The city council will therefore not approach the Home Secretary for a ban on the planned march, unless the EDL refuses to agree with the proposed route and conditions.
A counter demonstration is also planned by opposition group Leicester Unite Against Fascism (LUAF).
It too has been offered a set route for a march and its response is also awaited.
City mayor Sir Peter Soulsby said: “None of us wants these marches to take place but looking at what happened in Leicester and other cities last year, we believe the marches will cause less disruption than the static demonstrations of October 2010.”
The proposed routes begin outside the city centre but would allow both groups to march past landmarks – the Clock Tower, in the EDL’s case, while the LUAF march would take in the Town Hall.
Over the past two weeks, some opponents of the EDL have been calling for the council to apply for a ban on the march – as it did in October 2010.
That protest degenerated into violence as people within a cordoned-off area reserved for the EDL threw bricks, bottles, coins and fireworks at police.
Police said yesterday they were preparing for up to 1,100 EDL supporters, while the strength of support for LUAF protest is unknown.
The group mustered about 700 people in 2010.
Up to 2,000 police officers, drawn from more than a dozen forces, will be in the city centre on the day.
The marchers will be surrounded on all sides as they make their way through the city.
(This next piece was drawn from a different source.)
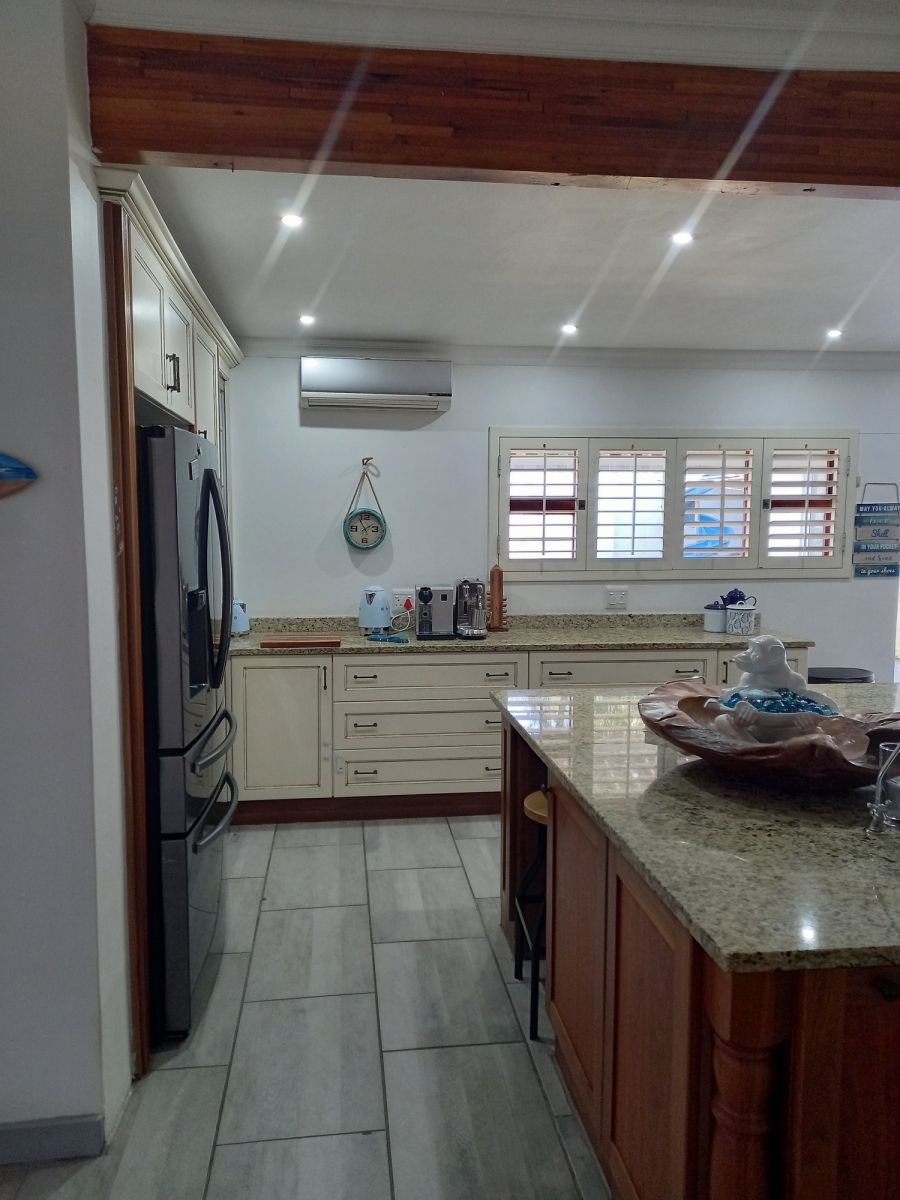 4 Bedroom Property for Sale in Blythedale KwaZulu-Natal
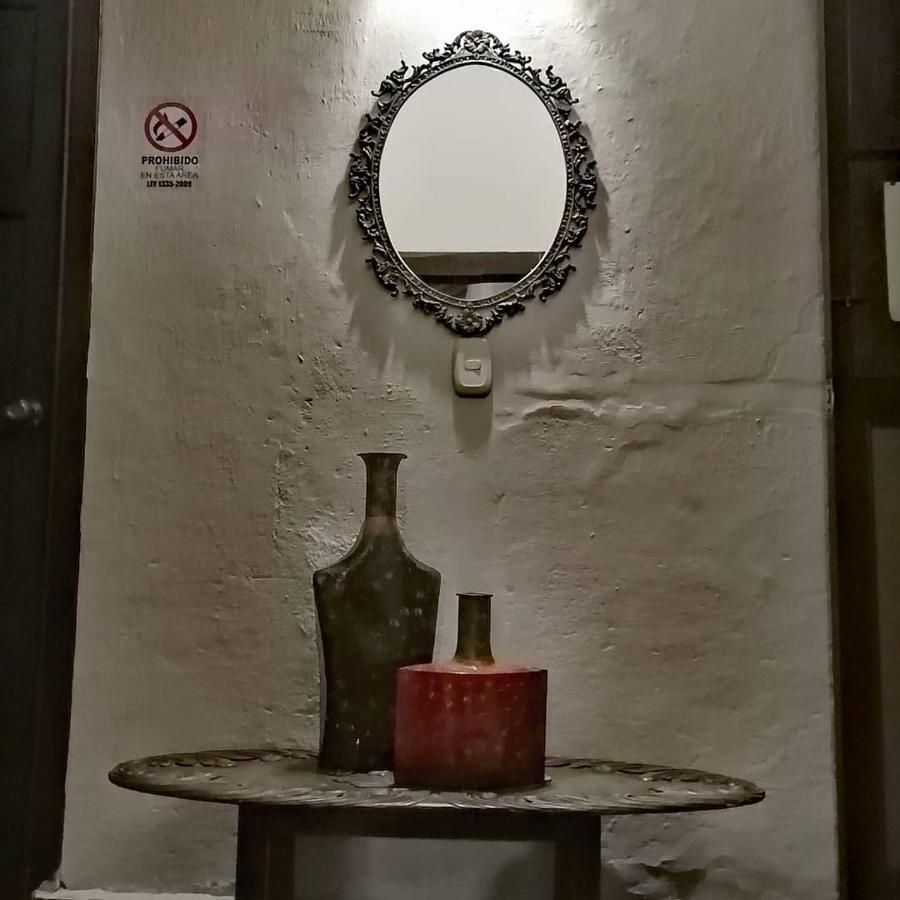 Giron Chill Out Hotel Boutique エクステリア 写真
The protests are expected to pass through the city centre between 12.30pm and 2pm.
Chief Superintendent Rob Nixon, the city’s senior officer, said: “We have used our experience of policing football and rugby matches, the disturbances in the summer and the protest in October 2010 in the planning for Saturday and are putting together a plan to ensure that there is as little disruption as possible to normal city centre business.
“Both the EDL and Leicester UAF came to us with a plan of where they would like to march.
“These were both carefully risk assessed and it was this which formed the basis of any negotiations with the event organisers.
“There has been lots of dialogue between the organisers, the police and the city council to get to this point.”
Beat officers will also be on duty in their neighbourhoods.
All police leave has been cancelled.
The city centre was brought to a virtual standstill in 2010 when the EDL staged a protest in Humberstone Gate East.